Seule une voix s'oppose à tous ces acquiescements, une petite voix fluette et ridicule :

- Mais ti le monde il est tri tri gentil ici ! couine le Saquedeneu. Pirquoi ti veux partir ?

- Et il aura fallu que ce soit le plus jeune de nous tous qui pose la question la plus évidente, dit la Feunard, prenant enfin à nouveau la parole depuis son annonce choc. Tu vois Teigne, ce petit bonhomme est plus malin que toi. Il a mis la patte sur la question cruciale.

Teigne ronchonne. Nia, nia, nia. Et puis qu'est-ce que ça veut dire "cruciale" d'abord ? Si la Feunard balance encore un seul mot compliqué, elle va lui faire voir son poing de plus près. Tout ça pour l'embrouiller en plus, elle en est sûre.

Le Florizarre lui doit connaître la signification du mot, car c'est lui qui prend la parole ensuite :

- Nous t'écoutons, Feunard. Quelle est la raison de ton départ ?

- J'ai eu un bébé.

Silence.

Gros gros silence.

Teigne se donne un petit coup de poing pour être certaine qu'elle ne rêve pas. Peut-être est-elle à nouveau piégée dans une vision provoquée par un Pokémon psy ? Est-ce un nouveau genre de torture, lui faire subir des absurdités ?

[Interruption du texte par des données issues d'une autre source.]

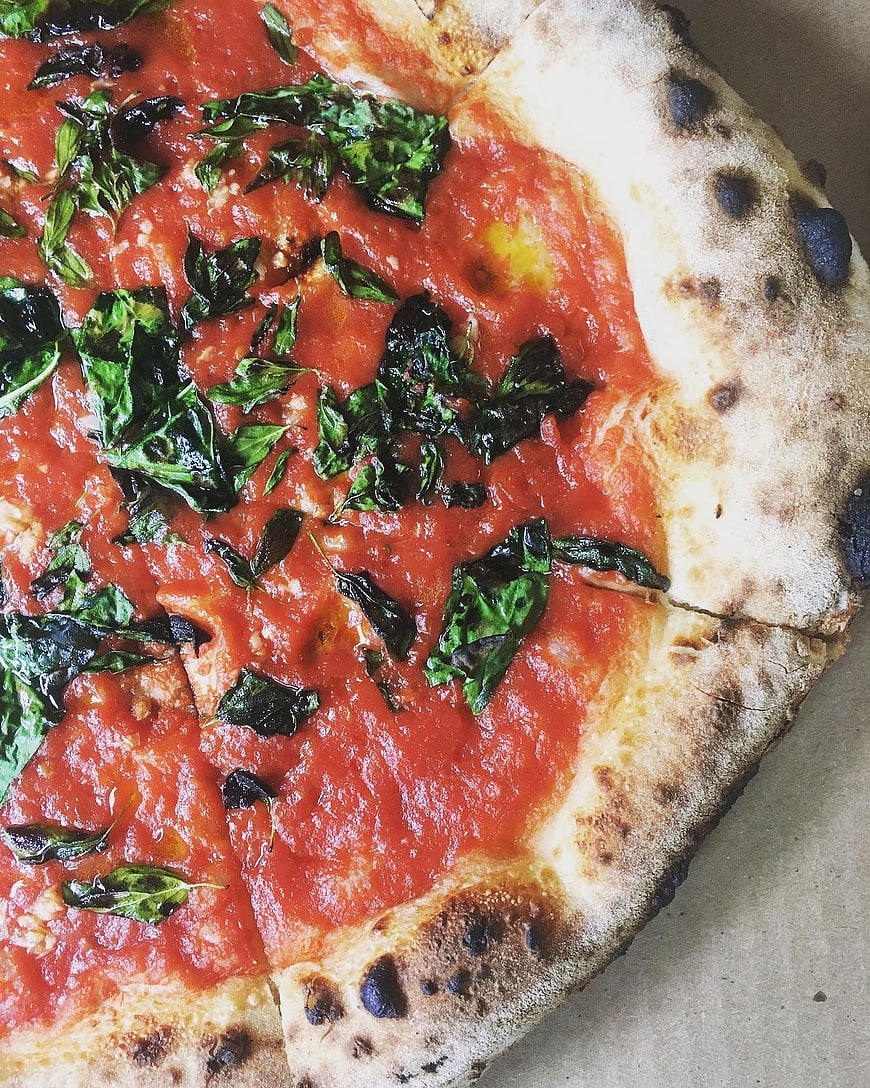 Close-up of authentic Neapolitan Margherita pizza with basil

- J'ai cru entendre que tu disais que tu avais eu un bébé, énonce-t-elle calmement.

- C'est ce qu'elle a dit, confirme Salade, appuyé par un hochement de tête de Plouf.

Quoi ? La Colossinge se demande à présent si elle a correctement débouché ses oreilles ce matin au réveil.

- Mais comment...

- Tu veux qu'on t'explique ? s'enquiert le Léviator.

Teigne fronce le nez. Non mais pour qui il se prend, le gros poisson bleu ?

- Je sais comment on fait, réplique-t-elle sèchement, avant de se tourner vers la Feunard. Mais avec l'autre... le Sablaireau... sérieusement ?

Il avait l'air tellement empoté qu'elle ne se serait jamais imaginé qu'ils aillent jusque là. Et voilà, maintenant elle vient de les imaginer en pleine action. Elle n'a vraiment pas besoin de ça. Mais un bébé... S'il y a un bébé, alors ça change tout. Et ça explique tout. Le comportement de la Feunard qui ne bougeait pas de son trou, occupée à couver son œuf, ses cachotteries, sa décision de s'en aller... Teigne a l'impression qu'on vient de la frapper en pleine figure. Comme elle a eu tort. La Feunard n'a rien d'une peureuse, bien au contraire.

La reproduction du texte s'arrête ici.